Can volunteering opportunities improve your career?
In the coming months, we may potentially see more candidates enter the job market as they start to look for new jobs for a variety of reasons including redundancy. We’ve previously blogged about how candidates can use time at home to improve their skills, but another way that candidates can set themselves apart is through volunteering opportunities.
The UK is a nation of caring people who are willing to donate time and resources to others.
When the NHS called for an army of volunteers to help them support those in vulnerable groups, over 750,000 people pledged their support – triple the governments’ initial target! We believe that those candidates who were part of this volunteering community should reference this within their CV. Over the past few months, the way that we view the world has changed and moving forward, both candidates and employers may be looking specifically for those who made a difference to help others during their time of need.
With that in mind, there are many ways that you can make the most of volunteering opportunities to enhance your career prospects.
Let us take a look.
Volunteering can…build new skills outside of the workplace
We know that it is important to continually build new skills, but candidates should consider that volunteering opportunities could help you to develop new attributes which could be beneficial within the workplace.
For example, if a candidate volunteers as a special constable or is actively participating within a school governor role, they may be picking up tangible leadership or project management skills that could be used in a work setting.
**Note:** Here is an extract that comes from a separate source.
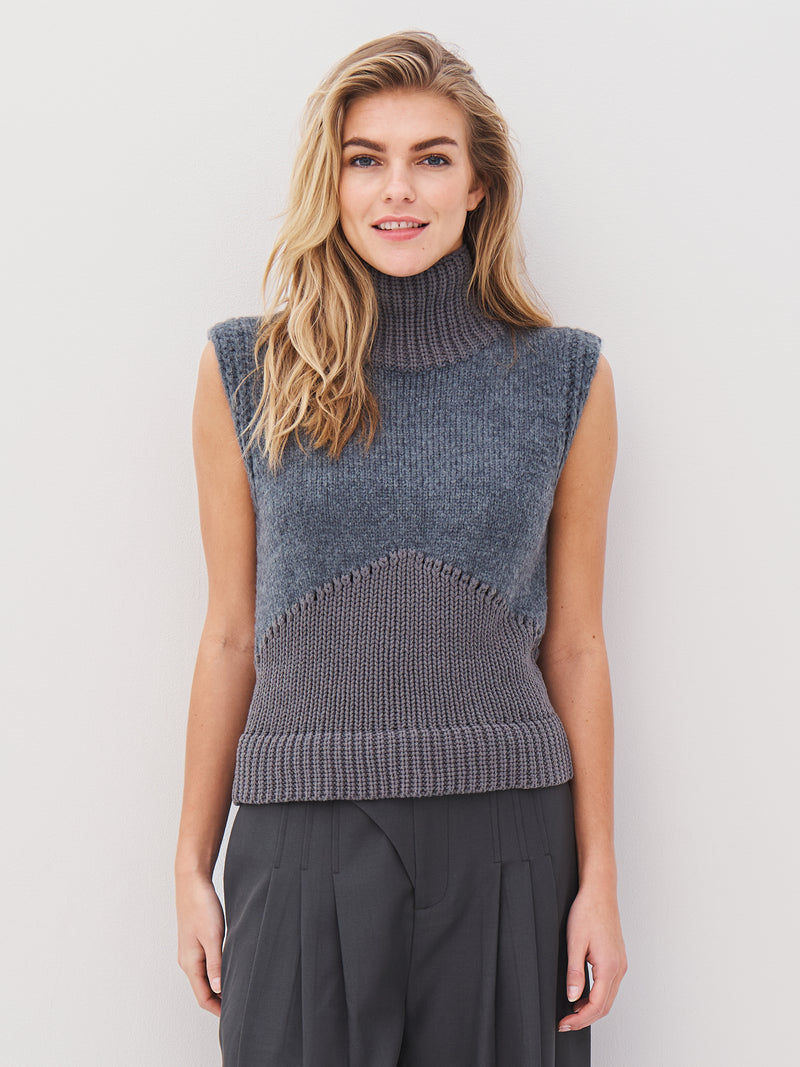 NÜ ALEXA Stricktop Tops und T-shirts 901 Grey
The ability to lead, influence, develop, and mentor other colleagues is valued highly by employers.
Volunteering roles such as working with Girl Guide or Scout groups could also allow you to develop new skills – for example, many badges now focus on areas such as coding and sign language. For candidates working in marketing or HR roles, having these skills could be highly advantageous. Candidates could use the basic understanding they have picked up through their voluntary role and showcase to their employer why it is beneficial, thereby, introducing a business case for investment into further extensive training.
Volunteering can…help you make new connections
Another key facet of involvement in community volunteering opportunities is that they can help candidates to maximise the impact of their networking and help them make new connections.
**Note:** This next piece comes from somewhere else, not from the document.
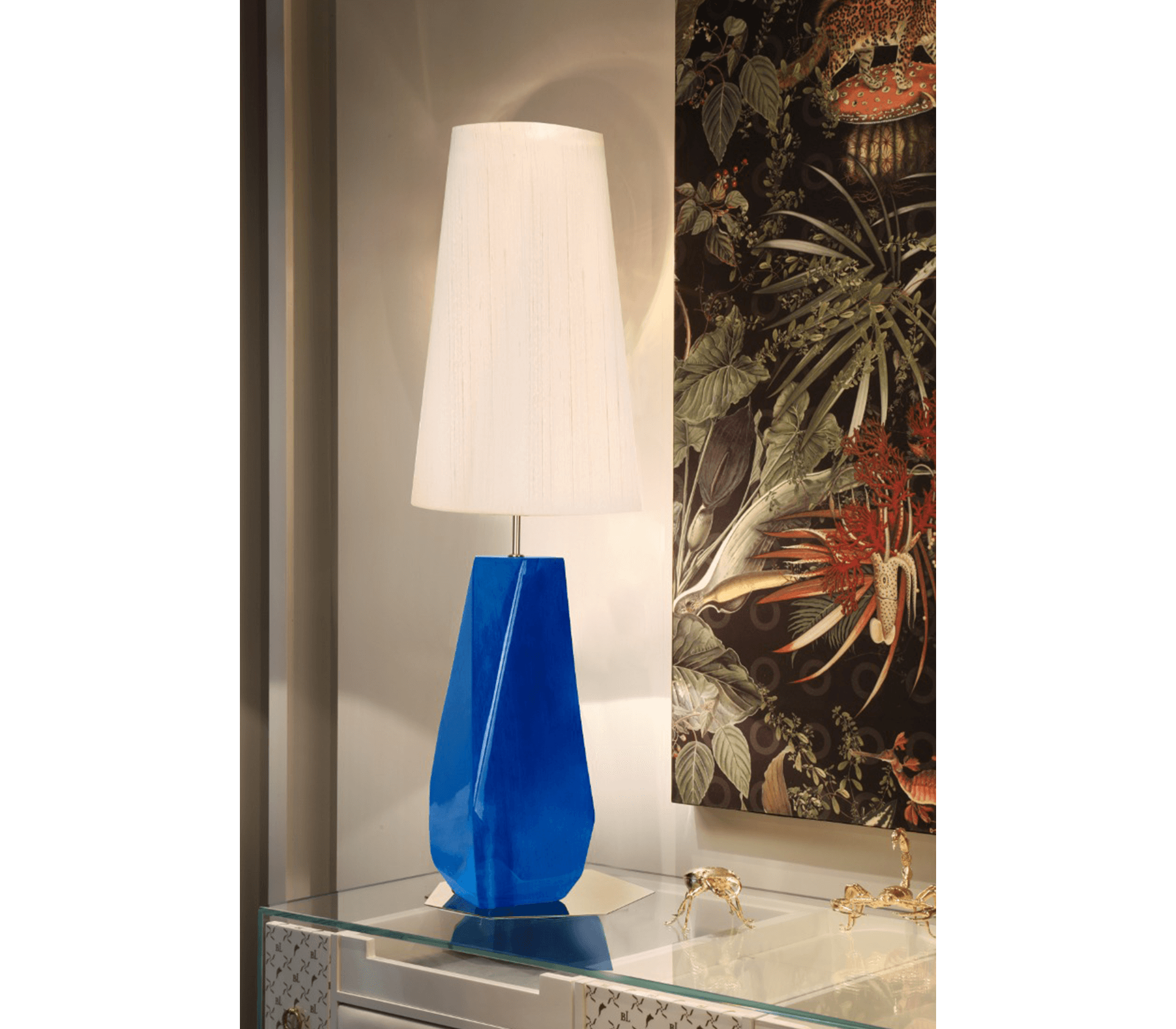 0-104 Почувствуй синюю настольную лампу Boca Do Lobo  - Вид №4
Candidates may find that if they volunteer for professional groups (perhaps their regional CIPR or CIM committee) they could build greater professional contacts that could aid their future career plans.
Volunteering can…show your personality
During interviews, employers are not just looking to establish candidates’ specific skills; they also want to learn about that person’s personality to determine if they would make a strong cultural fit.
Sharing details of any volunteering work can help to enhance this impression. Not only could they be able to learn more about a candidate’s personal interests and hobbies, but they can see what type of person they may be. For example, if a candidate volunteers as a fundraiser for a local charity, it stands to reason that they may have strong project management skills and can work well as part of a team. If they have volunteered to help care for vulnerable people in a care home or hospice, it shows that they may be empathetic and can work well independently.
Candidates should always reference their volunteering expertise within their CV. As part of their interview preparation, our team can work with candidates to help them identify how they can use their volunteering experience to showcase their personality and their skills.
Volunteering can…fill in employment gaps
Volunteering can be a great way to fill in any lengthy employment gaps. There may be occasions where candidates have experienced a long period of unemployment, if this is the case, making the most of volunteering can showcase how a candidate has used their time and maintained their skills.
Volunteering can also provide unique ways to break into new areas of expertise. For example, if a candidate is keen to break into a marketing or PR role, they could use volunteering to help them gain experience and try something new. Many local clubs and community settings will actively seek voluntary support so it could give candidates a chance to build their contacts and try new initiatives outside of the workplace.
Finally, volunteering is also a confidence builder. We previously discussed the emotional impact of redundancy, and a key part of this could be a loss of confidence. For those who have taken some employment knocks, volunteering can remind candidates of their skills and capabilities. It can help them to remember why they chose to train in their chosen field of expertise and help set them apart from other candidates.